Pretty much no one is monitoring the memory allocations of an smtp process. So it’s absurd to claim this defaults-enabled attack is not practical.
I’ve run qmail at various companies over the years and it’s always been standard advice from DJB to run daemons with resource limits set. He provides daemontools, which contains softlimit, which makes this easy.
Packages made for various OSes/dists include this limiting.
As memory usage is usually limited, errors will occur if these limits are hit - and these will be logged.
I’m happy to be corrected on what I believe are the facts here.
The recent update about this security issue is that it is exploitable in practice because that qmail-smtpd is always memory-limited but qmail-local never is (checked on several distros by Qualys).
I have not posted it because of the cat-fighting, beside I find this a funny extra.
The reason is more the implication “my software hasn’t a bug you just using it wrong”. Especially if you look at his claims about easy APIs. On of the main argument for his Curve25519 was, that you don’t have to check if the point you get is on the curve (I’m haven’t found the talk yet, I’ll post is later as an reply).
So the questions I want to discuss are: Is it OK to say to a bug you can’t trigger it because you should have set up a safety mechanism? Which assumption about the environment can you have? And how do you document these assumptions? Should you fix bugs with can’t be triggered (yet)?
Yes without the explanation it might look only like making fun about cat-fighting.

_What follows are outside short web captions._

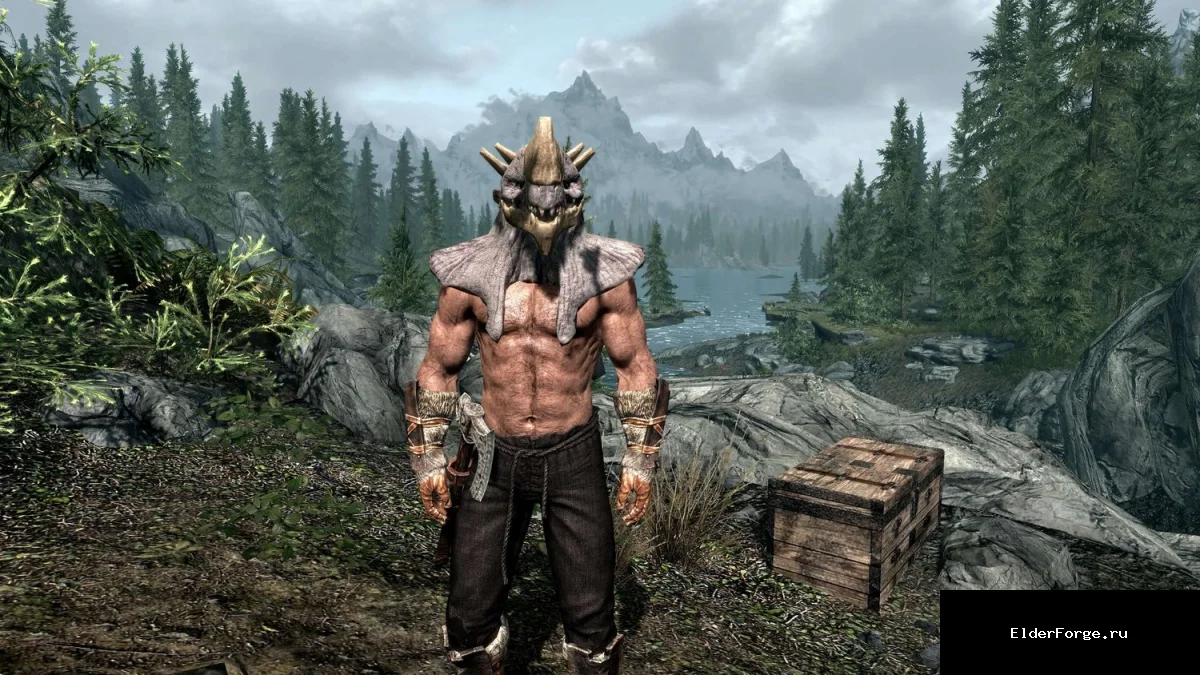 Обложка мода: Накидка Химеры из Paragon для Skyrim LE – яркий набор одежды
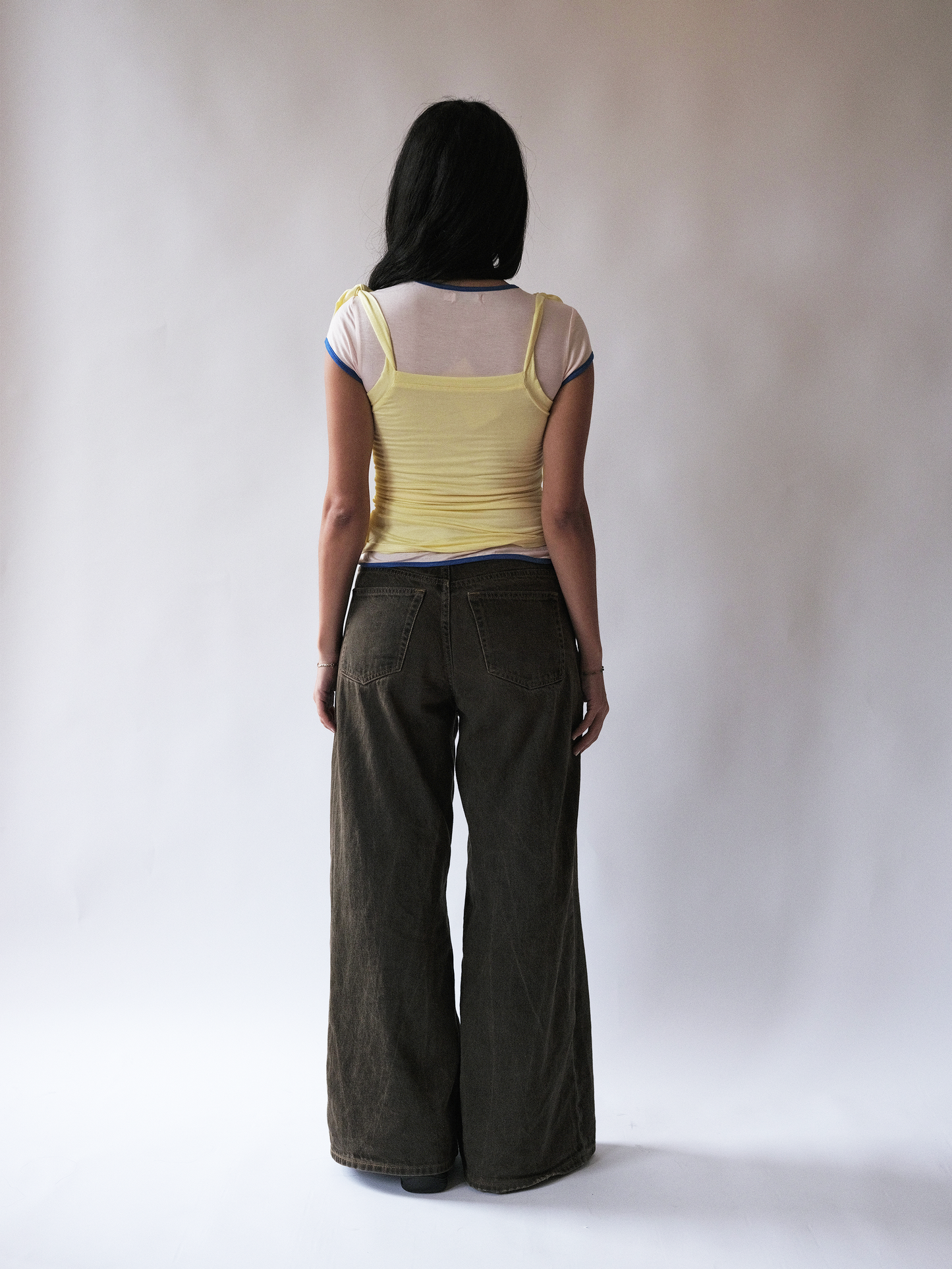 Layered Ringer Tee - Sandcastle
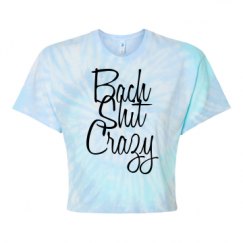 Women's Tie Dye Crop Top Tee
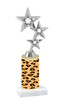 Go "wild" with your awards!  Animal Print Trophy with choice of figure and trophy height.  Trophy heights starts at 10" tall  (001)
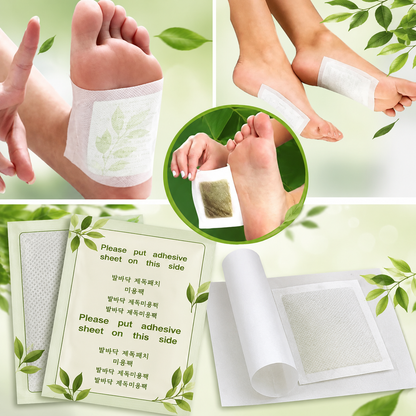 100% 🌿 Pure Sole Herbal & Gentle Ingredient Detox Foot Pads 🦶 BUY 10 GET 20 FREE (Pack of 30)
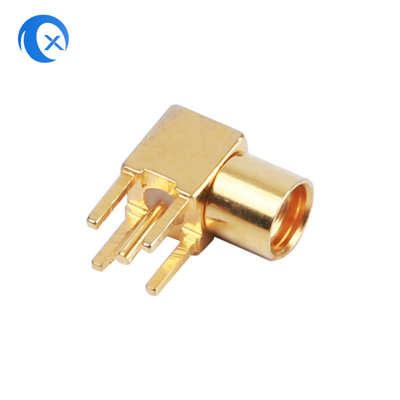 Peças aéreas do conector da máquina MMCX do CNC do conector do RF do metal para o adaptador do cabo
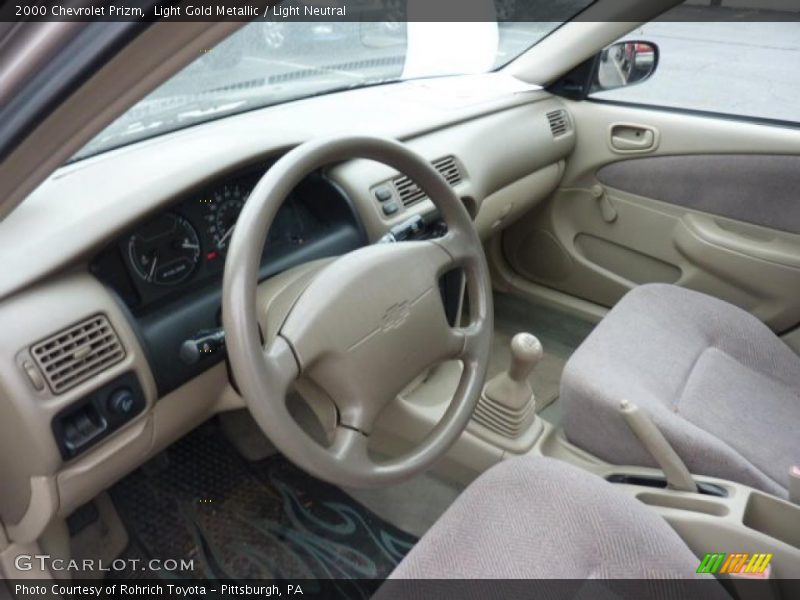  2000 Prizm  Light Neutral Interior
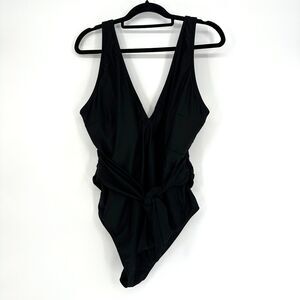Adore Me Womens One Piece Swimsuit Size 3X Black Boho Beach Classic Slimming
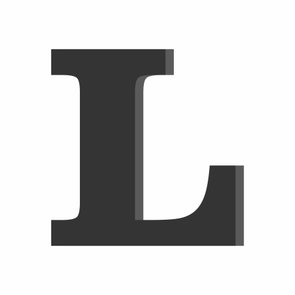 Letra Decorativa L 20cm -  6mm Letra Decorativa L 20cm -  6mm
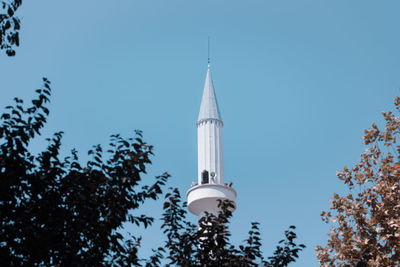 Low angle view of building against clear sky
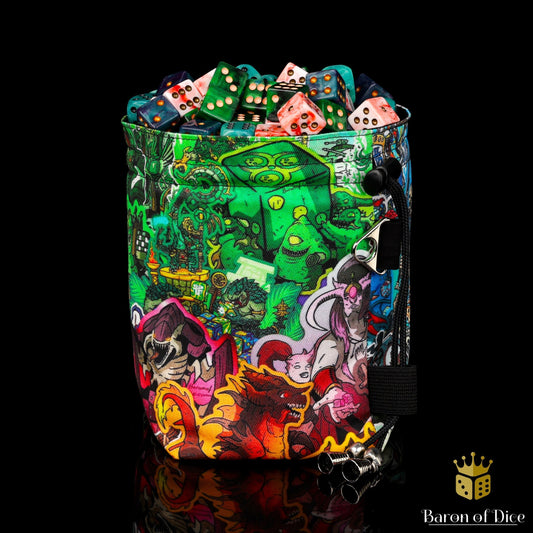 Baron Collage - Dice Bag - Out of Play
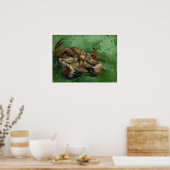 Van Gogh - een krab op zijn rug Poster (Keuken)
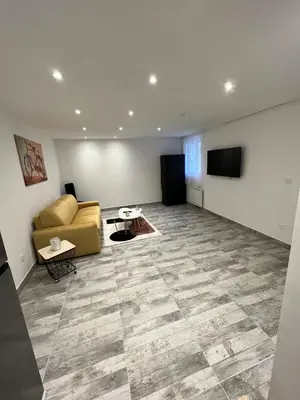 Télévision ou salle de divertissement dans l'établissement Grand studio tout équipé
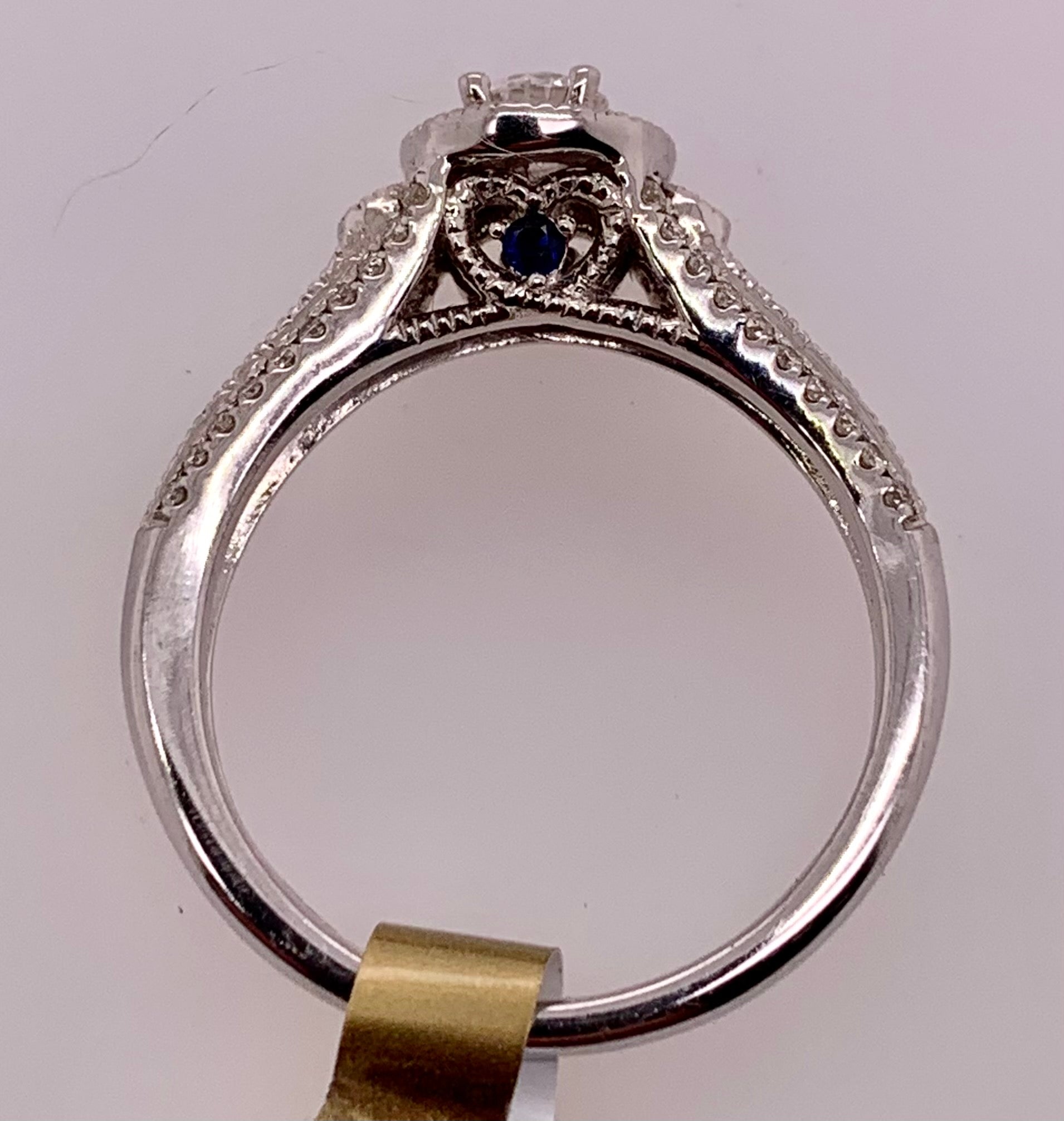 14K Diamond & Sapphire Ring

I upvoted because it expresses a pattern of behaviour that I’ve noticed in djb for well over 20 years now, and have come across myself. Many years ago I noticed a bug in qmail-imapd where it wasn’t implementing a part of the RFC at all, and it was breaking some IMAP clients. djb said that that part of the RFC wasn’t important and refused to implement it, forcing many of our end users to switch their email clients and causing a lot of head-aches. because of that, and a few other interactions, I have never used another piece of software by djb, even though it might be in many ways technically better. It’s just not worth the headaches of having to deal with him
djb is genius-level smart, and find many of his programs have a kind of rare brilliance to them. In an alternative universe where he’s not such a pain to deal with we’d all be running qmail instead of postfix and daemontools instead of systemd.
i tried setting opensmptd up with virtual users / virtual domains using sqlite and to my surprise it didn’t work anymore as the opensmptd-extras have a version mismatch in debian, so postfix it is again. maybe more of a debian problem than opensmptd.
Huh, you’re absolutely right about there not being an imap server associated with qmail. I wonder what program the bug was associated with. It was nearly 20 years ago, so aspects of it may be entirely wrong.
Wait, there is a qmail-imapd ? I would be happy to know where you found it, as I fail to see it in the qmail source, and all I find for “qmail-imapd” is tcp rules for courrier-imap as part of some qmail metapackage : https://www.opennet.ru/base/patch/qmail_ldap.txt.html
djb’s somewhat cantankerous paper Some thoughts on security after ten years of qmail 1.0 was one of my first introductions to seriously trying to make high quality software, and despite the tone, was pretty thought provoking for me. He was sort of worshiped by some of the engineers who mentored me at my first job, as we worked heavily with djb’s daemontools, cdb, etc… and I had a lot of respect for him. Over time, between the way he’s sheltered a rapist and generally conducted himself in public, that respect has evaporated.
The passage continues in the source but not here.